The Dash started as a reaching course over 17 km. The course has changed a bit from the first event, but has now settled down over 20 km with a le Mans start off the beach at Langebaan, across the entrance to the lagoon to the Donkergat peninsular, try to stay out of the Military area or you are liable to be warned off with a shot across the bows, a starboard reach back to the beach near Lientjies klip, just South of Club Mykonos, screaming port reach – the longest leg – to the end of the iron ore terminal, back along the ore jetty, port jibe and run down to finish off the beach at the club house. Wind conditions are known to be variable over the course with the wind at the start usually the strongest. So rig the largest sail or kite you can handle and hope it gets you through the hole at the ore jetty, but does not wipe you out on the reach to Club Mykonos.

The fastest time for the race was done by Peter Slate who screamed down the course in a gale in 18 minutes. The winners have mostly won the event more than once and the names that spring to mind are Peter Slate, Marlon Weibel, Cameron Bruce, Matthew Swart, Craig Gertenbach who all have a few wins under the harness. In the last ten years the race has been opened up to the kites, and they have dominated the event in number of participants and winners with Oswald Smith having taken the honours on the three occasions. A number of overseas riders have been prominent in coming first Sebastian Cattelan, kite, Alex Caizerguers, kite, Bernd Flessner, Ross Williams and Alberto Menegatti all windsurfers. The 2016 event was won by a kite rider on a foil board. As the windsurfers also take to riding foils, maybe this will be the way forward for the leaders in the Dash.
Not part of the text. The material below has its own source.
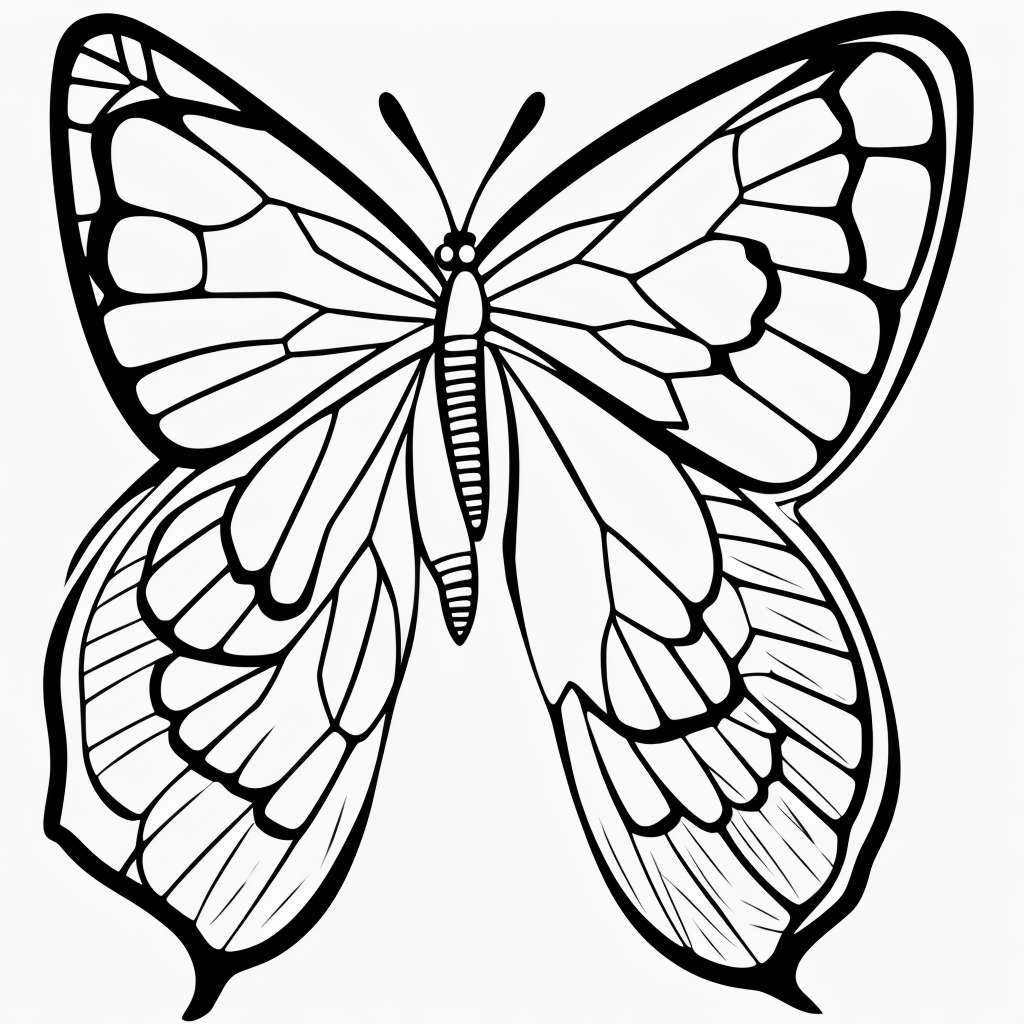 Beautiful Butterfly Line Art for Coloring Books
The wind is pumping on the West Coast, and the forecast for the  31st running of the race in January 2017  is looking good. There are exciting new developments for the event. Automatic timing where each competitor will have to wear a tag which will be automatically recorded at the start and finish. What’s more, results will be available in real time and displayed on monitors at the finish available for download. Keep your numbered rash vest, it’s yours to take home and wear when out kiting or windsurfing. As a further keepsake, each competitor will get a commemorative medal. And of course the dash thrash, the biggest all water sport party of the year. Bigger and more visible flags on all marker boats and all the usual dash vibe with the efficient rescue service for those who get in to trouble. Thanks to our sponsors, for helping us to keep the cost to competitors down.